(Crawled caption data)

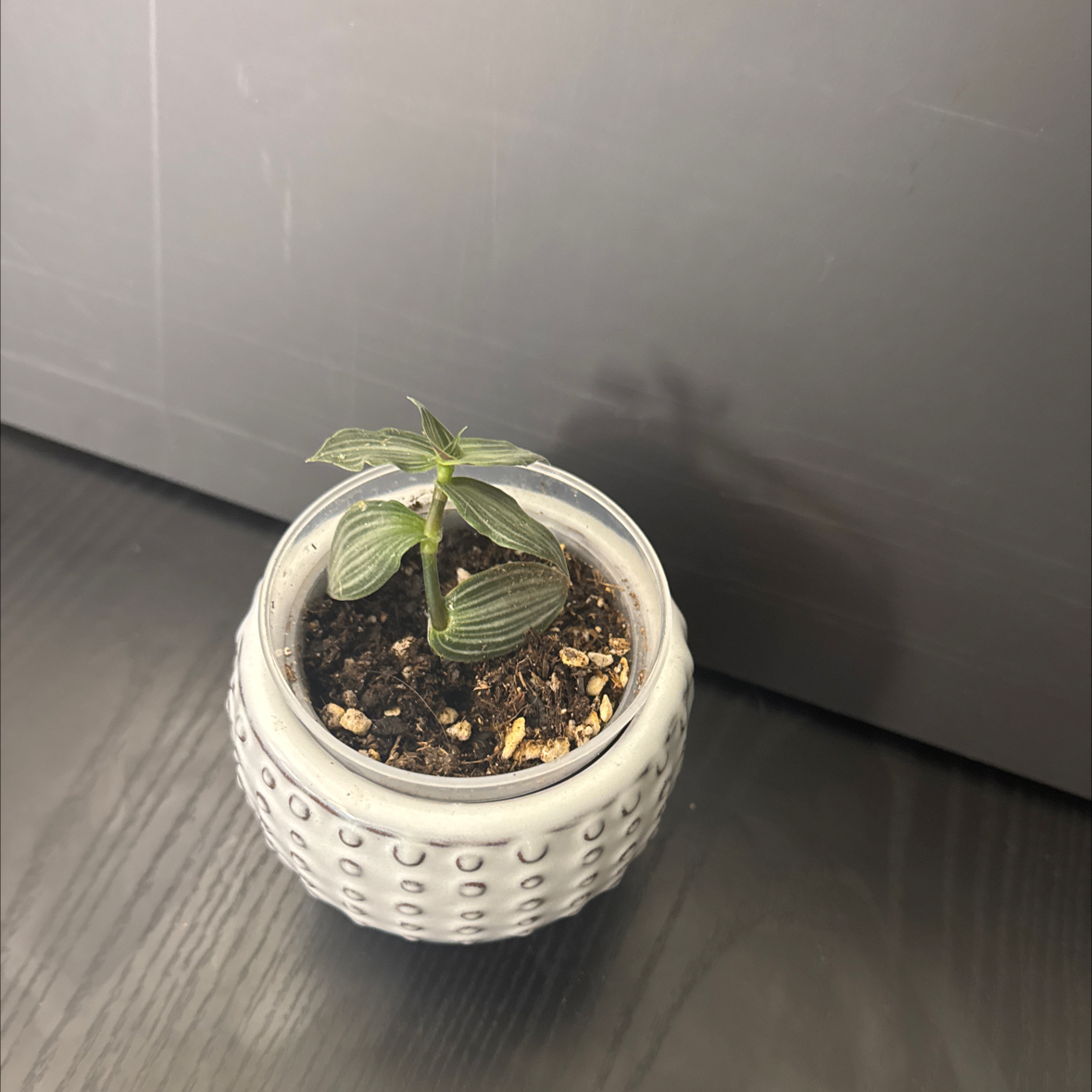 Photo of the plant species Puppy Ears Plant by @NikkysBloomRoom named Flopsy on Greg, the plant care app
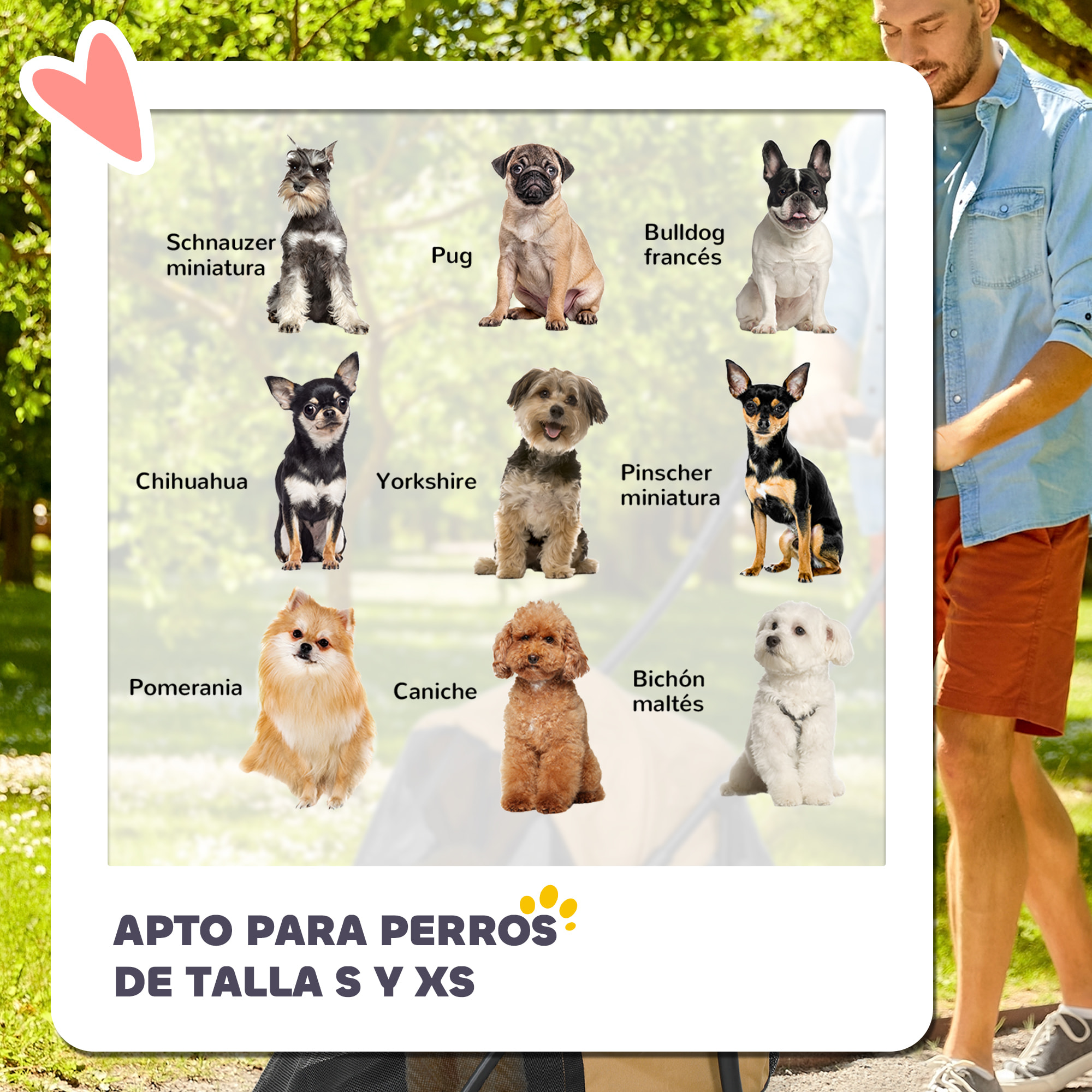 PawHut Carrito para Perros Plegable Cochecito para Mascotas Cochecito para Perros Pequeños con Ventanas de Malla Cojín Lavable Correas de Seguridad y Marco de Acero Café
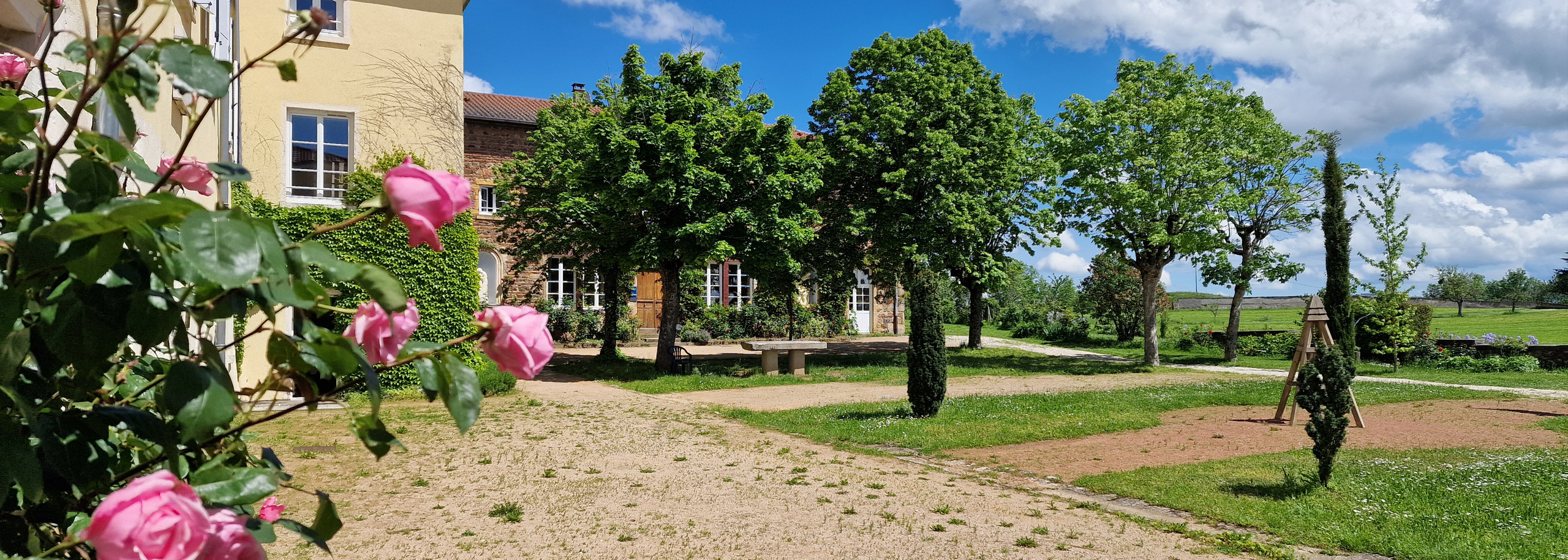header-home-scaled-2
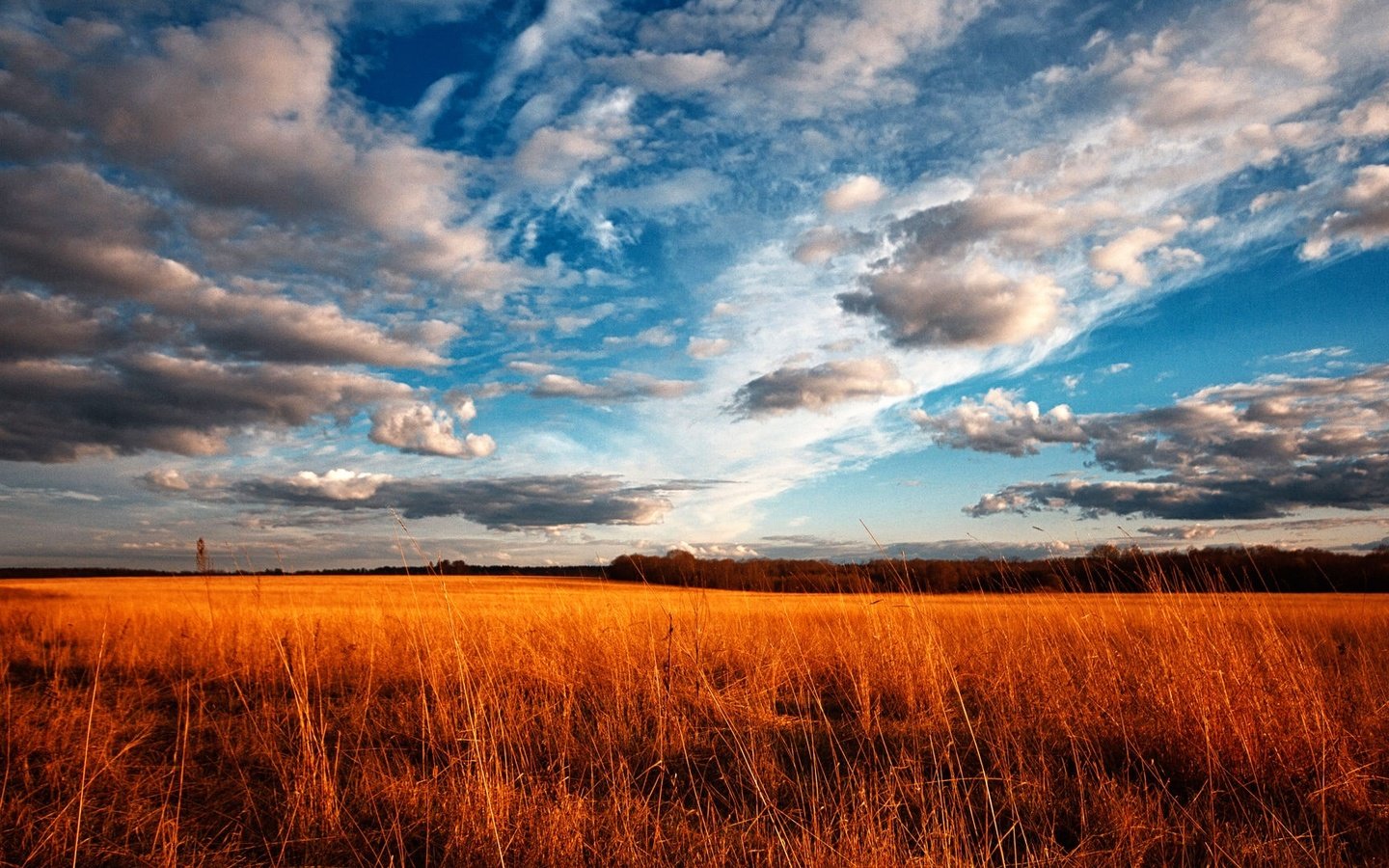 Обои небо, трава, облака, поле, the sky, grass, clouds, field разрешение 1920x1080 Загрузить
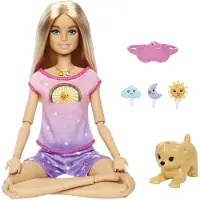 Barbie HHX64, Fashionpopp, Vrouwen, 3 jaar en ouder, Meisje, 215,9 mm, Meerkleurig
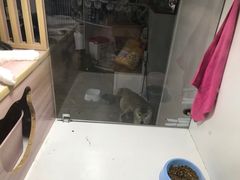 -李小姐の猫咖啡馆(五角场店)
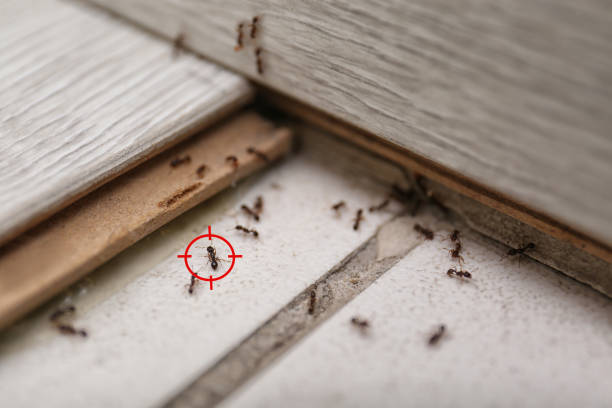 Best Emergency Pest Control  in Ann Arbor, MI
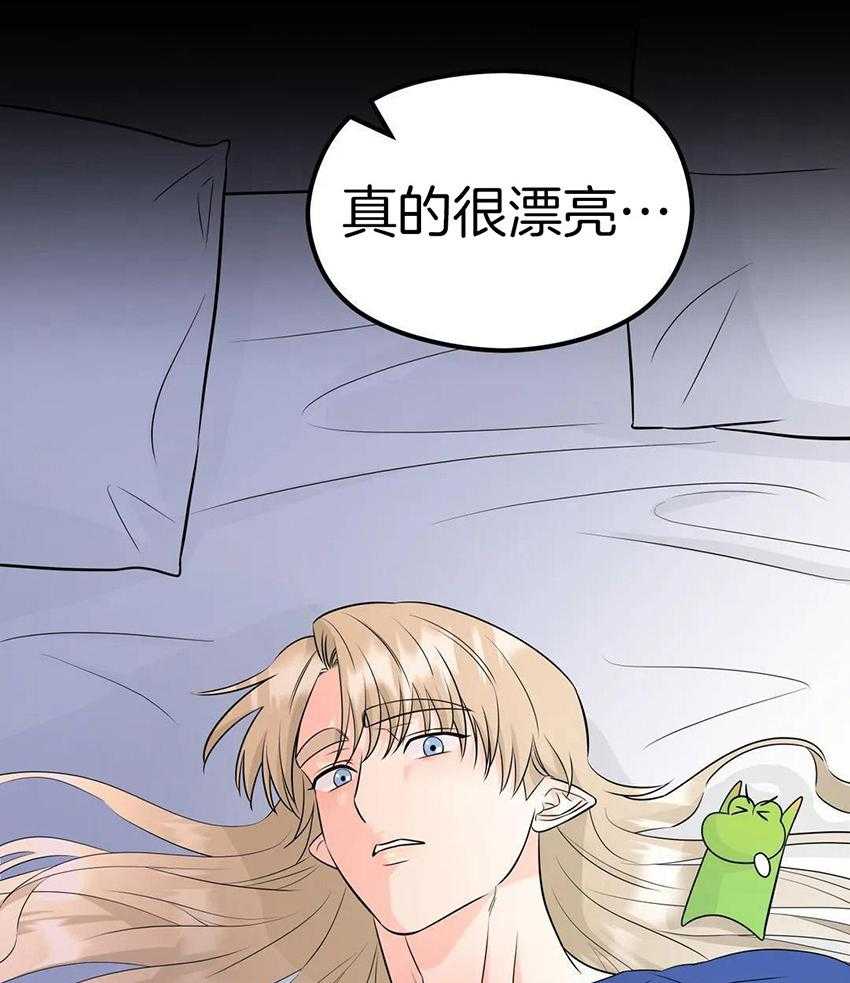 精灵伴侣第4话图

» **EXERCISE DESCRIPTION**
Could you set down the records above exactly, skipping any picture?

» **EXERCISE OUTPUT**
 Photo of the plant species Puppy Ears Plant by @NikkysBloomRoom named Flopsy on Greg, the plant care app
 PawHut Carrito para Perros Plegable Cochecito para Mascotas Cochecito para Perros Pequeños con Ventanas de Malla Cojín Lavable Correas de Seguridad y Marco de Acero Café
header-home-scaled-2
 Обои небо, трава, облака, поле, the sky, grass, clouds, field разрешение 1920x1080 Загрузить
 Barbie HHX64, Fashionpopp, Vrouwen, 3 jaar en ouder, Meisje, 215,9 mm, Meerkleurig
 -李小姐の猫咖啡馆(五角场店)
 Best Emergency Pest Control  in Ann Arbor, MI
 精灵伴侣第4话图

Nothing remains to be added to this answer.